Auszug aus den Erwägungen:

                     Aus den Erwägungen:

Erwägung 2

    2.- a) Im Wehrsteuerrecht nimmt das Bundesgericht
Verwaltungsgerichtsbeschwerden gegen den Rekursentscheid der
Wehrsteuerrekurskommission über die Veranlagungsfaktoren entgegen (Art. 112
i.V.m. Art. 108 bis 111 WStB), auch wenn der von der ursprünglichen
Veranlagung abweichende neue Steuerbetrag von der Rekurskommission noch
nicht berechnet und eröffnet wurde. Auf die Verwaltungsgerichtsbeschwerde
ist daher einzutreten.

    b) Dagegen behandelt das Bundesgericht im staatsrechtlichen Verfahren
letztinstanzliche Entscheide, in denen nur die Steuerfaktoren festgelegt
werden, nicht als Endentscheide, weil der geschuldete Steuerbetrag
noch nicht feststeht (BGE 105 Ia 56, 93 I 452). Dies liegt auch im
Interesse der Steuerpflichtigen, für welche die Frist zur Anfechtung des
Entscheides nicht läuft, solange sie den genauen Steuerbetrag noch nicht
kennen. Anderseits soll nach Zustellung der Steuerrechnung das Verfahren
nicht kompliziert werden: Daher kann der Steuerpflichtige nach Erhalt
der Steuerrechnung sich zur Anfechtung der Steuerfaktoren direkt an
das Bundesgericht wenden, ohne nochmals die kantonalen Rechtsmittel zu
erschöpfen, sofern nur die angeblich verfassungswidrige Festlegung der
Steuerfaktoren gerügt wird (BGE 105 Ia 56, 98 Ia 155 E. 1, 93 I 453/4).
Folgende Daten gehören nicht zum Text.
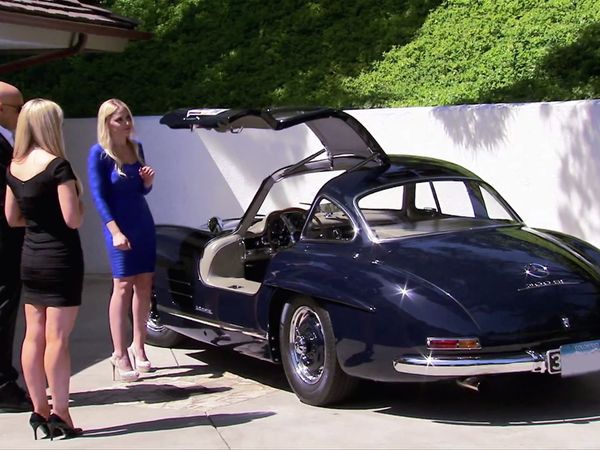 Beverly Hills Pawn - Fast Cars & Classic Stars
    An dieser Rechtsprechung ist festzuhalten. Doch bleibt zu prüfen,
wie vorzugehen ist, wenn der Steuerpflichtige sofort nach Erhalt des
letztinstanzlichen kantonalen Entscheides, der nur die Steuerfaktoren
festlegt, also verfrüht, staatsrechtliche Beschwerde führt und dann nach
der - späteren - Zustellung der Steuerrechnung innert Frist nichts mehr
weiter vorkehrt. Würde die verfrühte Beschwerde durch Nichteintreten
erledigt, so würde der Beschwerdeführer leicht "zwischen Stuhl und
Bank fallen"; denn nach Erhalt des Nichteintretensentscheids bezüglich
der verfrühten Beschwerde wäre es oft zu spät, um noch fristgerecht im
Anschluss an die Steuerrechnung Beschwerde zu führen; der Beschwerdeführer
verlöre also den Rechtsschutz, den ihm das Gesetz und die erwähnte
Rechtsprechung gerade geben wollen. Die geschilderte Praxis würde sich
nicht zu seinen Gunsten, sondern zu seinem Nachteil auswirken.
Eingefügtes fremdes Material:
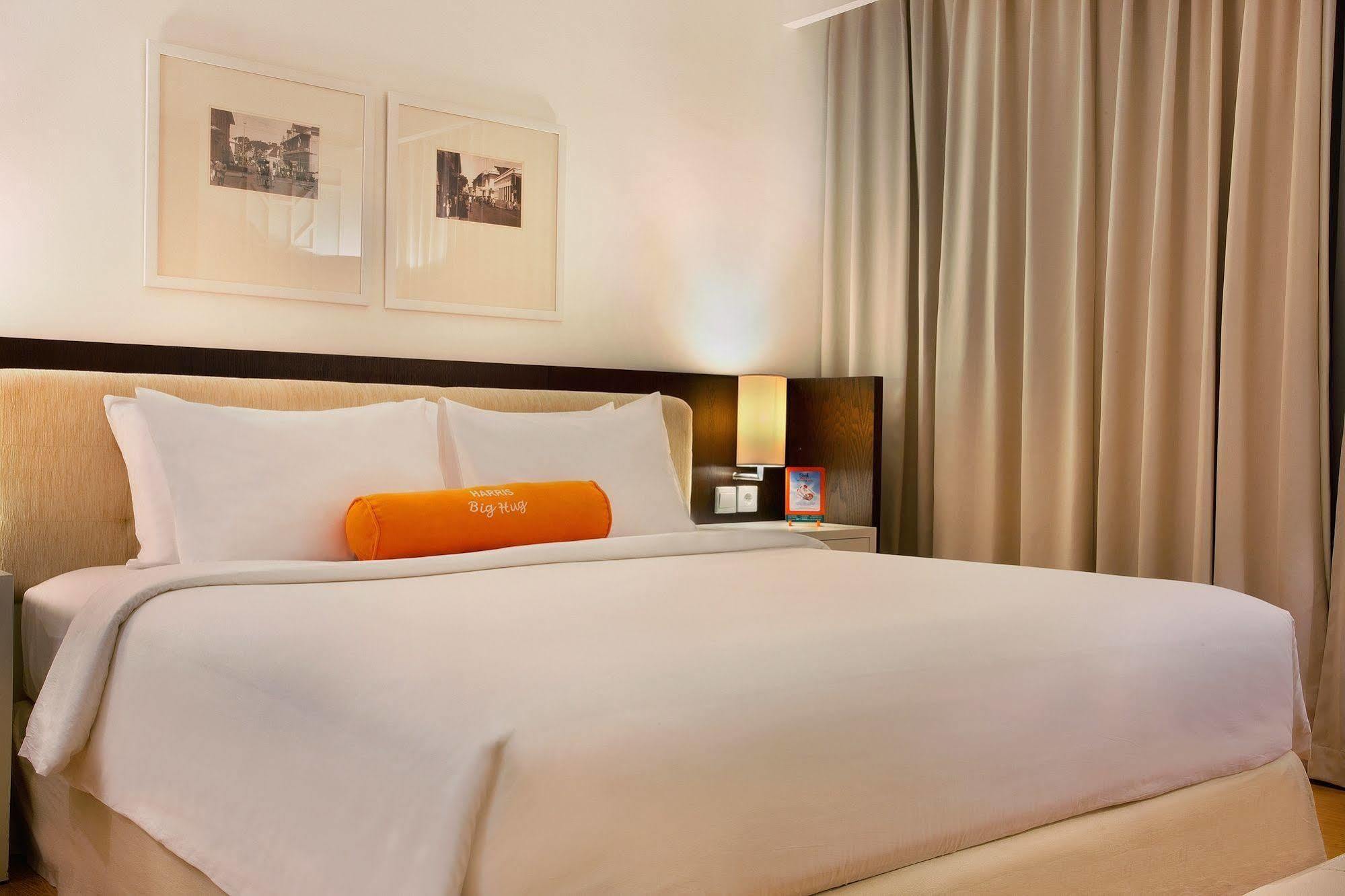 Harris Hotel & Conventions Malang Kültér fotó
    Deshalb ist das Bundesgericht schon bisher auf staatsrechtliche
Beschwerden gegen einen nur die Steuerfaktoren festlegenden
letztinstanzlichen kantonalen Instanz eingetreten, wenn der
Beschwerdeführer bereits zwischen dem Entscheiddatum und der Einreichung
der Beschwerde die Steuerrechnung erhalten hatte (BGE 98 Ia 154/5 E. 1). Es
rechtfertigt sich, noch einen Schritt weiter zu gehen und bei derartigen
verfrühten Beschwerden zunächst abzuklären, ob seit der Einreichung
der Beschwerde bereits eine neue Steuerrechnung zugestellt wurde, die
nicht angefochten worden ist. Ist dies der Fall, so ist die verfrühte
staatsrechtliche Beschwerde gegen den letztinstanzlichen Entscheid über
die Steuerfaktoren an die Hand zu nehmen. Andernfalls ist ihre Behandlung
auszusetzen, bis die neue Steuerrechnung zugestellt ist und feststeht,
ob nur die Steuerfaktorenfestsetzung auf ihre Verfassungsmässigkeit zu
überprüfen ist, oder ob dies in einem Arbeitsgang zusammen mit einer neuen
Beschwerde gegen die Tarifanwendung (Steuerrechnung) geschehen kann. Bei
diesem Vorgehen werden die geschilderten Rechtsnachteile vermieden. Die
Situation ist vergleichbar mit der staatsrechtlichen Beschwerde gegen
einen kantonalen Erlass, welche vor der massgeblichen Publikation des
Erlasses eingereicht wird. Auch diese Beschwerden werden, obwohl verfrüht,
in ständiger Rechtsprechung entgegengenommen; doch bleibt das Verfahren
sistiert, bis die Publikation erfolgt ist (BGE 106 Ia 389 E. 1, 103 Ia
193/4 E. 1).

    Im vorliegenden Fall ist die Steuerrechnung bereits kurz nach der
Einreichung der Beschwerde, nämlich am 28. Februar 1979 zugestellt
und als solche nicht angefochten worden; auf die Beschwerde kann
deshalb eingetreten werden, obwohl der angefochtene Entscheid noch kein
Endentscheid war; - freilich nur soweit, als damit nicht mehr als die
Aufhebung des Urteils der kantonalen Rekurskommission beantragt wird, weil
die staatsrechtliche Beschwerde - abgesehen von hier nicht zutreffenden
Ausnahmen - grundsätzlich rein kassatorischer Natur ist (BGE 107 Ia 207
E. 1b, 219 E. 1b; 105 Ia 28 E. 1 mit Hinweisen).